UK scientists use solar energy to convert plastic and CO2 into sustainable fuels
Author: Nicky Harley
Scientists have discovered a way of using solar energy to transform plastic waste and greenhouse gases into sustainable fuels. Researchers from the University of Cambridge have developed a system that converts two waste streams into two products simultaneously. The reactor converts carbon dioxide and plastics into different products that are useful in a range of industries. Tests of the reactor under normal temperature and pressure conditions showed that the reactor could efficiently convert plastic bottles and CO2 into different carbon-based fuels such as CO, syngas or formate, in addition to glycolic acid. “Converting waste into something useful using solar energy is a major goal of our research,” said Professor Erwin Reisner from the Yusuf Hamied Department of Chemistry, the paper’s senior author. “Plastic pollution is a huge problem worldwide, and often, many of the plastics we throw into recycling bins are incinerated or end up in landfill.” Prof Reisner also leads the Cambridge Circular Plastics Centre, which aims to eliminate plastic waste with new thinking with practical measures.
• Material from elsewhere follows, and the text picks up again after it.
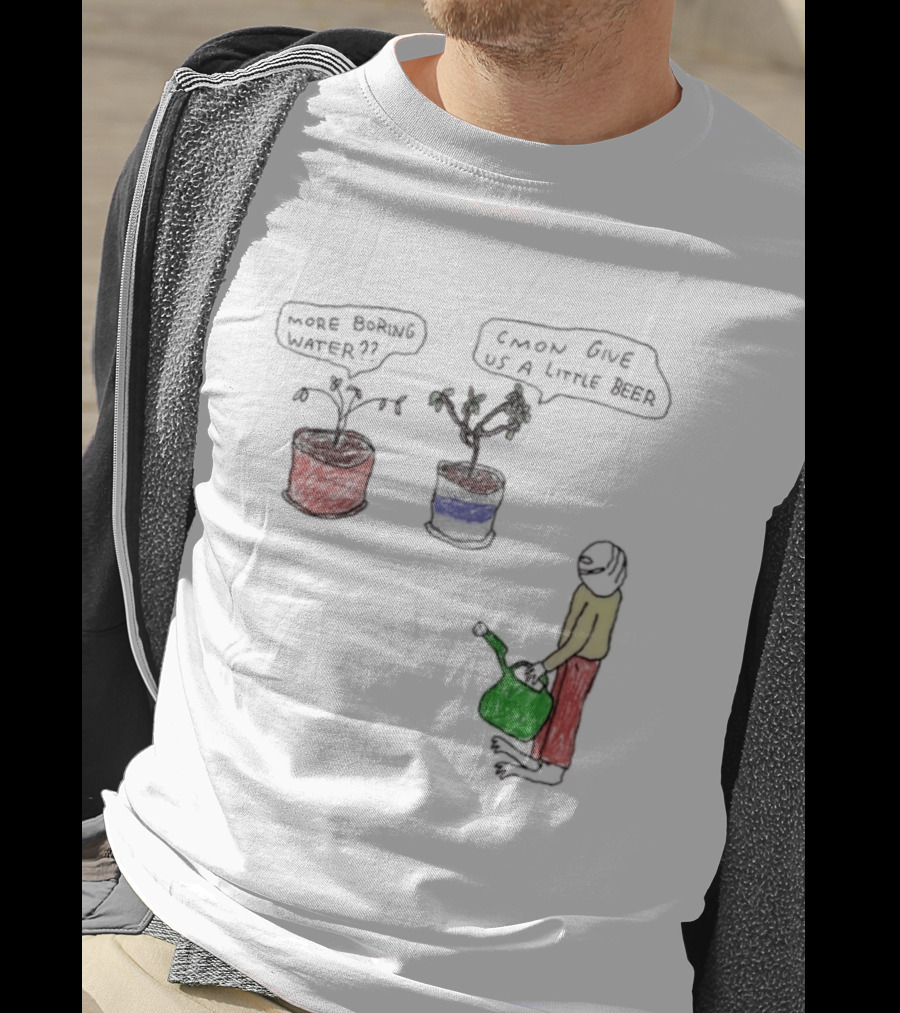More Boring Water C'mon Give Us A Little Beer T-Shirt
He says other solar-powered recycling technologies hold promise for addressing plastic pollution and for reducing the amount of greenhouse gases in the atmosphere, but they have not been combined in a single process. “A solar-driven technology that could help to address plastic pollution and greenhouse gases at the same time could be a game-changer in the development of a circular economy,” said Subhajit Bhattacharjee, the paper’s co-first author.